Para a liderança Atowé Kanamari, da aldeia Bauana, ter a terra demarcada é garantia de existência e vida: “acho muito melhor ter nossa terra demarcada, reservar, ter terra para nós plantar e para nossos filhos poderem ter ela para viver”, afirmando exatamente o contrário das declarações do presidente eleito.

Garantir que vivam em territórios demarcados e protegidos, para além do reconhecimento de sua existência, é uma atitude de soberania nacional. No entanto, as políticas indigenistas nacionais, nos últimos anos, têm sido de descaso e desrespeito aos povos originários e seus direitos à manutenção de suas culturas. Mas, “resistiremos a todos esses ataques”, diz Atowé.

Riscos sociais e ambientais

A morosidade dos processos de demarcação dos territórios e a ausência de políticas de proteção territorial, entre outras estratégias de enfraquecimento das conquistas constitucionais, vêm também trazendo sérias consequências à conservação ambiental. Processos de degradação ambiental vêm se intensificando, a exemplo das pescas predatórias, caça de animais silvestre e retirada ilegal de madeira, especialmente das terras indígenas. Desse ambiente preservado depende não só os povos indígenas, mas toda a humanidade.

Além disso, o descaso dos órgãos responsáveis, a falta de uma política efetiva de proteção territorial, ou ao menos de um plano de ação para inibir essas invasões, e a ausência da FUNAI exige que os indígenas busquem formas comunitárias de proteção de seus territórios.
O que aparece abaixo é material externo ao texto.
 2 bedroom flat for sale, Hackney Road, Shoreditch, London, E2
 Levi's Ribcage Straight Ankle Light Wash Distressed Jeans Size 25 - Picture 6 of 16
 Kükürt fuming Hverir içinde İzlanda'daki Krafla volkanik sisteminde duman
Segundo as lideranças, a maioria dos casos de invasões é cometida por moradores da cidade de Carauari, e suas investidas são de buscar o diálogo com os invasores, “na tentativa de sensibilizar essas pessoas”, diz Atowé Kanamari. No entanto, “nossas conversas dão em nada e até se tornam perigosas. Tuxauas de diferentes aldeias vêm sofrendo ameaças e, até, já aconteceram agressões físicas”, complementa a liderança, lamentando os ocorridos.
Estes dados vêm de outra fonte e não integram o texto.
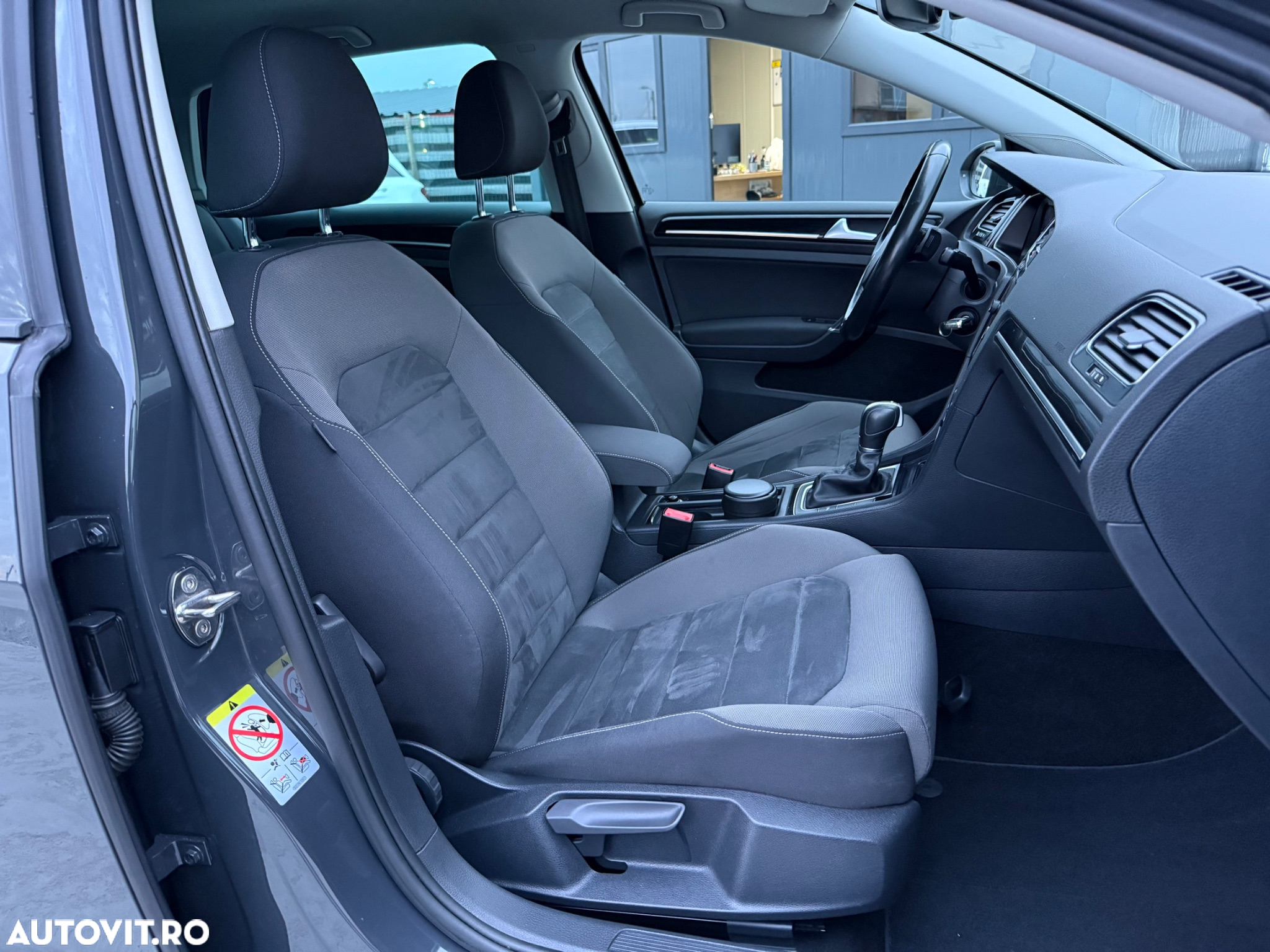 Volkswagen Golf 2.0 TDI DSG R-Line - 19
Informações debatidas se tornarão um Estudo de Caso

Com o levantamento das informações, entrevistas e debates sobre a realidade local, os desafios que enfrentam, o histórico das aldeias, as violações de seus direitos à demarcação e proteção territorial e elaboração de mapas e documentos, a equipe de educadores da Cáritas e do CIMI de Tefé, que atua na região do rio Xeruã, Fábio Pereira, Francisco Manoel e Francisco Amaral, construirão um Estudo de Caso para os povos Kanamari e Madja Kulina dessas aldeias.
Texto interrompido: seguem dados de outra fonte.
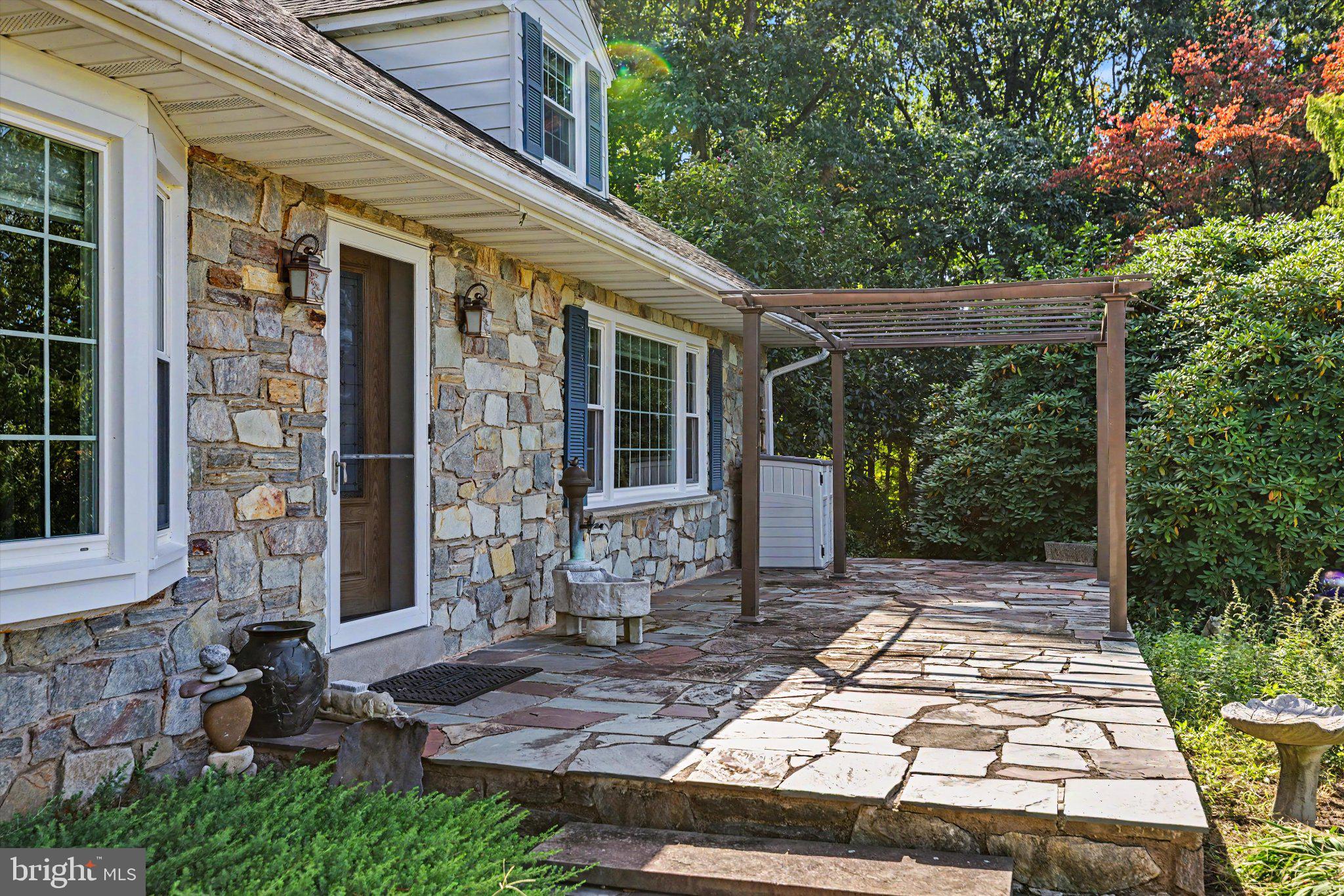 99 PICKWICK DRIVE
Seu objetivo é dar visibilidade à essa realidade, divulgando em campanhas, nas mídias locais, regionais, nacionais e redes sociais, para buscar apoios de toda a sociedade e, assim, formar uma Rede de Proteção a esses povos. O estudo também servirá para promover incidências políticas junto às instâncias governamentais, denunciando comprovadamente a situação de vulnerabilidade e de ameaças que sofrem por não terem suas terras protegidas.

Ser e fazer resistência

Além de proporcionar um espaço de intercâmbios de informações, o encontro promoveu confraternização e fortalecimento da luta dos povos Kanamari e Madja Kulina que, ao mesmo tempo em que trocaram ideias para lutar por seus direitos, se valorizaram mutuamente e se solidarizaram na defesa dos seus modos de vida.

Agora, mais do que nunca, com as políticas nacionais conquistadas pela democracia brasileira sendo ameaçadas de extinção, é necessária a união entre os povos, sejam indígenas ou não indígenas. Ser RESISTÊNCIA e fazer RESISTÊNCIA são a força que move o povo brasileiro, em especial os povos indígenas, contra um Estado que não respeita a pluralidade de modos de vida e na construção de um Estado de Direitos, que prima pela dignidade, justiça e direitos na diversidade.

*com informações de Fábio Pereira, Francisco Manuel e Francisco Amaral.